Judge Jim Carroll of the 4th Circuit Court, Laconia Division said in his five-page ruling dismissing the violation against Heidi Lilley of Gilford and Barbara McKinnon of Rumney that the town cannot make something a crime that the state doesn’t define as one.
“The Court finds that the township lacked authority for a criminal prosecution which is neither prohibited by the [c]riminal [c]ode nor by statute or enabling legislation,” Carroll wrote, rendering the enforcement of the Gilford Town Beach ordinance impossible unless the state makes exposing the entire female breast a crime.
Lilley and MicKinnon are both active participants in Free the Nipple, a campaign stemming from a 2014 movie of the same name, which is an equality movement that says women should be treated the same way as men when is comes to exposing the top parts of their bodies. The campaign also addresses what it calls the U.S. “body-shaming mentality.”

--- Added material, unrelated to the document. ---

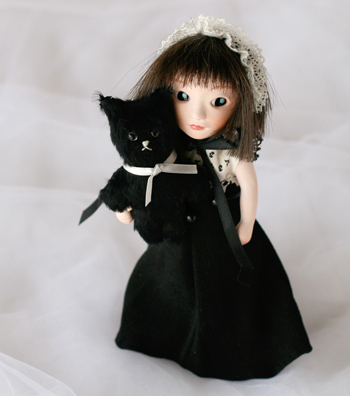 350_blackcat.jpg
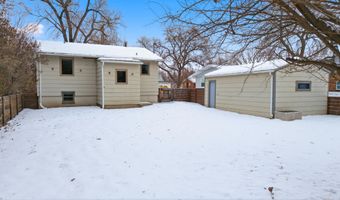 704 S Harrison St, Aberdeen, SD 57401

Free the Nipple came first to New Hampshire at Hampton Beach last summer when women and men set a day to come to the beach topless. While covered extensively by the media, turnout on the part of demonstrators and those who came to either gawk or show support was literally washed out by a cold summer rain.
Lilley and McKinnon brought the campaign to Weirs Beach on Labor Day weekend because Laconia is the only community in New Hampshire that has an ordinance that prohibits toplessness in public. Although six or seven women went topless at Weirs Beach on Sept. 6, city police declined to take the bait and, absent any citizen complaints, the event was unremarkable.

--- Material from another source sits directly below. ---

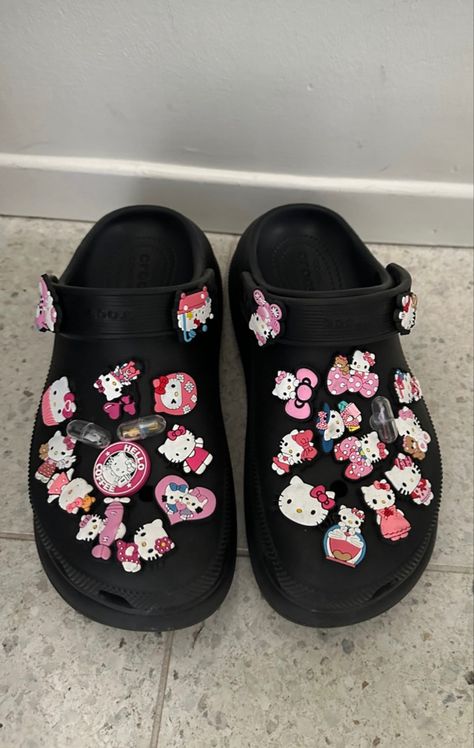 On Shoes Outfit, Shoe Collection Aesthetic, Black Crocs Outfit, Croc Jibbitz Ideas, Hello Kitty Crocs, Organization Shoes, Shoe Quotes, Crocs With Jibbitz, Aesthetic Shoe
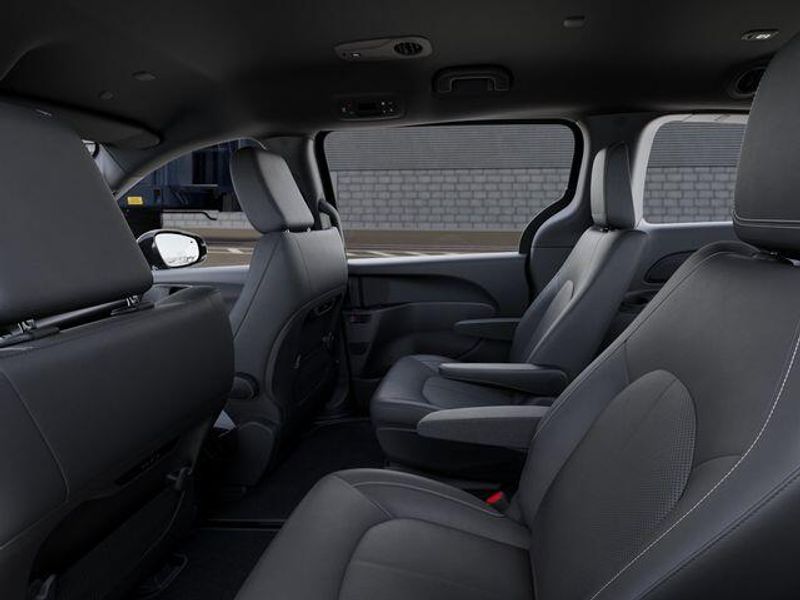 New 2027 Chrysler Pacifica SelectImage 23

When the city cleared the beach to set up for the fireworks display that evening, the women decided to go to Gilford Beach. At least three complaints were filed, Gilford Police responded and all of the women covered their breasts when asked to do so. Police issued two complaints for a violation of the town beach ordinances.
Lilley and McKinnon had mounted a three-way argument in their motion to dismiss the violation.
First, they argued Gilford’s ordinance was a violation of their First Amendment rights of freedom of expression and the Fourteenth Amendment right of equal protection under the law. Second, they argued it was discriminatory under state law, and third that, since it was not prohibited by state law, local governments cannot exceed that authority.
While prevailing on the last argument, they struck out on the first two.
As to federal and state constitutional protections, Carroll said a specific New Jersey case cited by the state was applicable here because prohibiting toplessness “met constitutional muster since it gave a person of ordinary intelligence fair notice of the nature of the prohibited conduct,” and that it took into consideration the customs and mores of the applicable society – in this case – Gilford Beach.
He agreed with the New Jersey justices who said that toplessness is not a substantial level of “constitutionally protected conduct.”
Carroll said the ordinance against toplessness at the beach was to be considered under “strict scrutiny” in that it has a specific purpose and the town had compelling reason to pass it.
He said the “compelling interest” is that Gilford Beach is a town resource that is to be enjoyed by “young and old, men and women, families and single persons” while preserving appropriate standards that allow the town to maintain its local values and mores.
Carroll eschewed Lilley’s and McKinnon’s argument that the right to be topless is the same thing as the right to marry. He said marriage is a basic civil right while toplessness is not.
As to Lilley’s and McKinnon’s argument that their conduct “involved expression and politic speech and has artistic value,” Carroll said appearing topless doesn’t rise to that occasion.
When deciding if Lilley and McKinnon were victims of discrimination as defined under state law, Carroll said they weren’t because they weren’t denied access to the beach but rather their conduct was regulated while they were there.
Reached for comment, Lilley was not happy with the ruling and said she would need to consult with her lawyer to see what the next step would be.